> **Your instructions**: Look below for the line that contains "Classic Mens Vintage Canvas Ranch Jacket", then copy it and each following line exactly, through and including the line that contains "avarita chiroina chyo".

::: Data shown

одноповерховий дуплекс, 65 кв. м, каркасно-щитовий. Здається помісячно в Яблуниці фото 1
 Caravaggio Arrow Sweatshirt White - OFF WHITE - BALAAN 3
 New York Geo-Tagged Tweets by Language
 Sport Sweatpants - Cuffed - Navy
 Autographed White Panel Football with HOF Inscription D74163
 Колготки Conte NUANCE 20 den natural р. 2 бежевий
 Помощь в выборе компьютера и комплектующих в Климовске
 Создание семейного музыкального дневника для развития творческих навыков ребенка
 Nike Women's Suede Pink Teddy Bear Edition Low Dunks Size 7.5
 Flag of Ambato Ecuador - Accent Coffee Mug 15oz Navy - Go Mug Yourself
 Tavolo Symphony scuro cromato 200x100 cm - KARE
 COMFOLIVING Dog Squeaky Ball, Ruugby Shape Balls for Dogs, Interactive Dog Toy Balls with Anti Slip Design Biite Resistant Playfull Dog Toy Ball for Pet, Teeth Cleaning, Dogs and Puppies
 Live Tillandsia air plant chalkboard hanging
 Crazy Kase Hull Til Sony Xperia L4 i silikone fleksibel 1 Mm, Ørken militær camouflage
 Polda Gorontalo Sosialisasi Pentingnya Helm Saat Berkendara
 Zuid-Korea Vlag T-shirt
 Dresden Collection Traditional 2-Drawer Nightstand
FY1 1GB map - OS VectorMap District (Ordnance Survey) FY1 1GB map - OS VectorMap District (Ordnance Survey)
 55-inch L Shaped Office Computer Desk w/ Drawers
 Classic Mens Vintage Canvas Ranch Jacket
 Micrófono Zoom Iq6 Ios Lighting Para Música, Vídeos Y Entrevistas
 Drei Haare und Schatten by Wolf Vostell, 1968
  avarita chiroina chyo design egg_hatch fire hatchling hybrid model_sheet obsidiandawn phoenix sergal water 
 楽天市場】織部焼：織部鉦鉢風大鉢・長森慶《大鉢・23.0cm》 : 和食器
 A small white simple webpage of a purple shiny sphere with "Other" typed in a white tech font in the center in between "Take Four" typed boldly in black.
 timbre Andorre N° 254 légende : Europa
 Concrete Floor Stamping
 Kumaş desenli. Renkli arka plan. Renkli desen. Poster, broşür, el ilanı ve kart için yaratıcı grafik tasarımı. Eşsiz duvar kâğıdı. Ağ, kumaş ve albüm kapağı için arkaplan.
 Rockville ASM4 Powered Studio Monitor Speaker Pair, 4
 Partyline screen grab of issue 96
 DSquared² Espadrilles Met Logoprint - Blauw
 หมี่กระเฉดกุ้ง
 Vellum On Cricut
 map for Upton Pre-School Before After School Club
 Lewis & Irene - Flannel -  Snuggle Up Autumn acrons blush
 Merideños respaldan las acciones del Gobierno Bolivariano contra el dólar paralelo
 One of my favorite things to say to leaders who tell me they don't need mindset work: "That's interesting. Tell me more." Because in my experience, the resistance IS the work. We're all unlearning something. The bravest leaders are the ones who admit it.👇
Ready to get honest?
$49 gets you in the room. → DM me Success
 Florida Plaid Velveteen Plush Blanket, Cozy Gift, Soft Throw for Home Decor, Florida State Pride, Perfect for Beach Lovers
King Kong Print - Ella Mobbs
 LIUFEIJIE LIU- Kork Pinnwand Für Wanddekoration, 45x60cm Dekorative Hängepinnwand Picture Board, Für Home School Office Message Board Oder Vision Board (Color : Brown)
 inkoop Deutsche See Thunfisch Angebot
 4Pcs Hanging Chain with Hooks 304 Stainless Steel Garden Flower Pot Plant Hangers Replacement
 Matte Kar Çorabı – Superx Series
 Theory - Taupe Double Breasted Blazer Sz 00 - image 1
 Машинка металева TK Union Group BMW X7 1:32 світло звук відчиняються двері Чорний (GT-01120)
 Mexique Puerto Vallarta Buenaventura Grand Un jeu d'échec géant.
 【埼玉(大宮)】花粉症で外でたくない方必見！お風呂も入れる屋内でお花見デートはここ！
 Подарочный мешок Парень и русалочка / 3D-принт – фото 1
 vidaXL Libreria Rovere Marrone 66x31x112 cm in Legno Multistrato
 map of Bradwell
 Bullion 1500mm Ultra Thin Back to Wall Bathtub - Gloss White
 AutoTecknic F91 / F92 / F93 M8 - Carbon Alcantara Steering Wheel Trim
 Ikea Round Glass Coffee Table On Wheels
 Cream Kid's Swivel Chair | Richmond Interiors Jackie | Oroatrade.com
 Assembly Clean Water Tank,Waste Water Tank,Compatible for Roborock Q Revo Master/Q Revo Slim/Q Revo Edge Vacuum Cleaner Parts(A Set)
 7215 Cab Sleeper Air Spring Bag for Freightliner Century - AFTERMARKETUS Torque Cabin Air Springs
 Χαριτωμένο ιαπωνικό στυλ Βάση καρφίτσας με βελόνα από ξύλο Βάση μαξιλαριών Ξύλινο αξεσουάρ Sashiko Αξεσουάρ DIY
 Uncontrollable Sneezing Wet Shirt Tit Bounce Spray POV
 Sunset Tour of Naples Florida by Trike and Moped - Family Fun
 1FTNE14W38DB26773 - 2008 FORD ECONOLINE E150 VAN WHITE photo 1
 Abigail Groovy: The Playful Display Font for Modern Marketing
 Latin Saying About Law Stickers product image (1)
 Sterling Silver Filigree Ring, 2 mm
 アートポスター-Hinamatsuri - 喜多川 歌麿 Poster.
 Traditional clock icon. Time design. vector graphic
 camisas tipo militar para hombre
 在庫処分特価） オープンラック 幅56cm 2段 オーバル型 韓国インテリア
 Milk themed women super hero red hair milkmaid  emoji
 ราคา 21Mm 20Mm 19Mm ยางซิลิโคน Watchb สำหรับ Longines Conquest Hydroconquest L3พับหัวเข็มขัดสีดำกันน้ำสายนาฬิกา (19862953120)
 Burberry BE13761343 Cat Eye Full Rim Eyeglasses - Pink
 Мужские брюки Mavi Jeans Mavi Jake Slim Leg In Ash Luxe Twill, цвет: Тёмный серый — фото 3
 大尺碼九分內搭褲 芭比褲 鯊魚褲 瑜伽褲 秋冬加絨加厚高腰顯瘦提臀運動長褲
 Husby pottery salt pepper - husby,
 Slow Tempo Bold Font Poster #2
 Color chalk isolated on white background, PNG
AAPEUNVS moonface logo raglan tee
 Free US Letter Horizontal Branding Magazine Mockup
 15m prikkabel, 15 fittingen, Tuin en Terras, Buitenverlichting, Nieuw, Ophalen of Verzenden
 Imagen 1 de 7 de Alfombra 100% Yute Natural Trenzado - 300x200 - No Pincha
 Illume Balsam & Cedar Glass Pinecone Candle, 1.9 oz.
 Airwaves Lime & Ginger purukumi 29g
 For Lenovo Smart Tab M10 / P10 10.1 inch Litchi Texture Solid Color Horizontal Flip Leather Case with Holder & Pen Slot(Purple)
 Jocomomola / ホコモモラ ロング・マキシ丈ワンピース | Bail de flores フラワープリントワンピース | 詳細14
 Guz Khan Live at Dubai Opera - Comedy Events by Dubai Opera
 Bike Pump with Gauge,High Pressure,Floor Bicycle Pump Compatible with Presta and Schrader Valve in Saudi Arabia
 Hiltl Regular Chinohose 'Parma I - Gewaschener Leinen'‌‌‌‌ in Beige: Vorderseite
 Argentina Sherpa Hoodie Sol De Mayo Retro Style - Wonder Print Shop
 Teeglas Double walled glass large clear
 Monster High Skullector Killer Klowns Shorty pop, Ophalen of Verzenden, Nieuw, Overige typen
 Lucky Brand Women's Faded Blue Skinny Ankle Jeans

::::::

> **Answer to this task**:
 Classic Mens Vintage Canvas Ranch Jacket
 Micrófono Zoom Iq6 Ios Lighting Para Música, Vídeos Y Entrevistas
 Drei Haare und Schatten by Wolf Vostell, 1968
  avarita chiroina chyo design egg_hatch fire hatchling hybrid model_sheet obsidiandawn phoenix sergal water 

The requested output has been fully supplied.